* What to produce
Look through the entries below and extract exactly the lines from the one containing "gold framed picture" through the one containing "Windows illuminé d'alpine", ends included.

START Provided records

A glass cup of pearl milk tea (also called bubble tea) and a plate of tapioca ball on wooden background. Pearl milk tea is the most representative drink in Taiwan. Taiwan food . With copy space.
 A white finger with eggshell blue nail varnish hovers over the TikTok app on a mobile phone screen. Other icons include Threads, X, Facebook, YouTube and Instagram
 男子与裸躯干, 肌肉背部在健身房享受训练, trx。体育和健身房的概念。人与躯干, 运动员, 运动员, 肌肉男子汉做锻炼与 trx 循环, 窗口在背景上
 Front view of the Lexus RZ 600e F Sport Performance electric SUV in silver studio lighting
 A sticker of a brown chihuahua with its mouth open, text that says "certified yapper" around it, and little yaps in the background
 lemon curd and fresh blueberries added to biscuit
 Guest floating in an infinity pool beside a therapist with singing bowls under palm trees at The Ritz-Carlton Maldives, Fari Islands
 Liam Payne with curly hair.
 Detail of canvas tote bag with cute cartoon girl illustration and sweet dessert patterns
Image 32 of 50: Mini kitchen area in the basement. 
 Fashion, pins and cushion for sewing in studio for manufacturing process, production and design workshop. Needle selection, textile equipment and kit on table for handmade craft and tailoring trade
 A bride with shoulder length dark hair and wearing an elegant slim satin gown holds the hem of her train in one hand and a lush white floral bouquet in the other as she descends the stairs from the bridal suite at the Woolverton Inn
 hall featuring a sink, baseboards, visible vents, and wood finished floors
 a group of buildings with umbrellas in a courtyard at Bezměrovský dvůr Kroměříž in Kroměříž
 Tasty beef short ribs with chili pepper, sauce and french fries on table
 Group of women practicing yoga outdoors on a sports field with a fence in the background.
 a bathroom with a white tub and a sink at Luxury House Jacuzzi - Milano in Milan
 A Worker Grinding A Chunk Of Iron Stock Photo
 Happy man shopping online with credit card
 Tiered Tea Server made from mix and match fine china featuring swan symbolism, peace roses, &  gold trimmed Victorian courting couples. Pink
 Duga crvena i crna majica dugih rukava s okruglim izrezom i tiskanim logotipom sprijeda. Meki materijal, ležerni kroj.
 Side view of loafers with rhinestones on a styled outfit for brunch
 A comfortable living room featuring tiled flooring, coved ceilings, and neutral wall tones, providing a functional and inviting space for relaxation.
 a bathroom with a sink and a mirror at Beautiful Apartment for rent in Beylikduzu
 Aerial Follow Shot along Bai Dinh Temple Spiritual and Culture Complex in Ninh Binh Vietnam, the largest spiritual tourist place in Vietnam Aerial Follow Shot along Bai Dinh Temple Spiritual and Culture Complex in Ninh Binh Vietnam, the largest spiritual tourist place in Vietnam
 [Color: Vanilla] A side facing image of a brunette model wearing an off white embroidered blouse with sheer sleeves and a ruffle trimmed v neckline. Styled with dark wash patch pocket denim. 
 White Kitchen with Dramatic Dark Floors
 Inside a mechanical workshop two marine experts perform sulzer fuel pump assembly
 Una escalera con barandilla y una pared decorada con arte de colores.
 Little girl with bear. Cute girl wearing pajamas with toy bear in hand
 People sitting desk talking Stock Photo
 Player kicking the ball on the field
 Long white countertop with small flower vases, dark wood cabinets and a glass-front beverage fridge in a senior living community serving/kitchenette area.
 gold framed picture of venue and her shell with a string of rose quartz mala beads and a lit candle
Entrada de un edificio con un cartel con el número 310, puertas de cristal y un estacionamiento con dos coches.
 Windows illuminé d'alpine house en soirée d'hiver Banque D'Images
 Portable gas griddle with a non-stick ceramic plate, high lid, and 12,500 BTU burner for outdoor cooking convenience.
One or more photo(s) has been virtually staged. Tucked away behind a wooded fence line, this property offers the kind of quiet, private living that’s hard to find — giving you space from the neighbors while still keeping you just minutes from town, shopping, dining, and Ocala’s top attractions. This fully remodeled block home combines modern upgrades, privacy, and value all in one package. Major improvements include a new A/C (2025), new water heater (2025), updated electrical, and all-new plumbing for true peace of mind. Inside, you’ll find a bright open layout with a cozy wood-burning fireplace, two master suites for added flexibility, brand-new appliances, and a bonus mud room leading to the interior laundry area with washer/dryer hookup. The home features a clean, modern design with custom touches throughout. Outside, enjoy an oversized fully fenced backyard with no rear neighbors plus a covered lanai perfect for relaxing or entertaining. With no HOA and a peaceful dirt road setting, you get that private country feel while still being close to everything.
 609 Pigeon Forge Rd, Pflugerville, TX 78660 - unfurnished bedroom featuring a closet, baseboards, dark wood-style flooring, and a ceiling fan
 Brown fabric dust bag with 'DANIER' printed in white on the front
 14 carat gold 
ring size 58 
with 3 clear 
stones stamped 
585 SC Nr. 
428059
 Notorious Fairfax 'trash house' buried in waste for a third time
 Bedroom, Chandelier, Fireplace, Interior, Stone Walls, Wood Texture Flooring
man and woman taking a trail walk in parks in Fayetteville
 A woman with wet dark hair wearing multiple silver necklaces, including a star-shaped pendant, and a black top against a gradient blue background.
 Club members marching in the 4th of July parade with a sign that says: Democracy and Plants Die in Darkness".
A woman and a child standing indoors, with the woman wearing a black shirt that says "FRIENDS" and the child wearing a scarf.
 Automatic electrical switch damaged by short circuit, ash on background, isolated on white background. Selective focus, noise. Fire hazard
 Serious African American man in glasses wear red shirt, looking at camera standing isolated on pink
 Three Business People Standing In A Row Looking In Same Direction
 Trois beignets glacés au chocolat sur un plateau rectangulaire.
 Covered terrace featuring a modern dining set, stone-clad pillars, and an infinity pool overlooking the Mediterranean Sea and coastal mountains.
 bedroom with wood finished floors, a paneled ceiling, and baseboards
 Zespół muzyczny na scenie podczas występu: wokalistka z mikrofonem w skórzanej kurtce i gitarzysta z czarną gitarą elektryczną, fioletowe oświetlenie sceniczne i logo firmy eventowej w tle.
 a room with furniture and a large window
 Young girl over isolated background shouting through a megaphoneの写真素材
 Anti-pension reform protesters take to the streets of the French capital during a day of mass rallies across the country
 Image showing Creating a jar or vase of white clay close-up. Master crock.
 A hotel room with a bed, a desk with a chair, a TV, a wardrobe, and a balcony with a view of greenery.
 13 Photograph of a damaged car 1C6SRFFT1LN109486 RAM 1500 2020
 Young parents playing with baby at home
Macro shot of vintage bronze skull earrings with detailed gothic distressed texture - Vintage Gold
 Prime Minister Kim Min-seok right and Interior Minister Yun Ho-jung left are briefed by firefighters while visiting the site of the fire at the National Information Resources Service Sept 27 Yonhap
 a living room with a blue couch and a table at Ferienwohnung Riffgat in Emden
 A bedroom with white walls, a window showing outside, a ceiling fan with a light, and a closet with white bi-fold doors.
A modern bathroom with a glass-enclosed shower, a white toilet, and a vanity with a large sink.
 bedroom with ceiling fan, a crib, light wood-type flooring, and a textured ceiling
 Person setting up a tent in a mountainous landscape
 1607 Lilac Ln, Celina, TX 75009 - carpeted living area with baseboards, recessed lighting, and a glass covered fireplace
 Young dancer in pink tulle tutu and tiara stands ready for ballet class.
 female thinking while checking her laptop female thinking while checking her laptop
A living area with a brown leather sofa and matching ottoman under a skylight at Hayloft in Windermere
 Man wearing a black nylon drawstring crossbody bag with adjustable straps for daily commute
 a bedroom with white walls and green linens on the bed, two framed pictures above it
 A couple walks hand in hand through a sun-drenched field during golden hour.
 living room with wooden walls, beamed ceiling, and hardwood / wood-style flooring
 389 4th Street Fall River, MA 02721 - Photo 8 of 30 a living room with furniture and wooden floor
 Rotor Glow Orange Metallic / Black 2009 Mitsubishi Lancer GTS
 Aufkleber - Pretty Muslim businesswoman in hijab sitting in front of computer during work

END Provided records

* Result
 gold framed picture of venue and her shell with a string of rose quartz mala beads and a lit candle
Entrada de un edificio con un cartel con el número 310, puertas de cristal y un estacionamiento con dos coches.
 Windows illuminé d'alpine house en soirée d'hiver Banque D'Images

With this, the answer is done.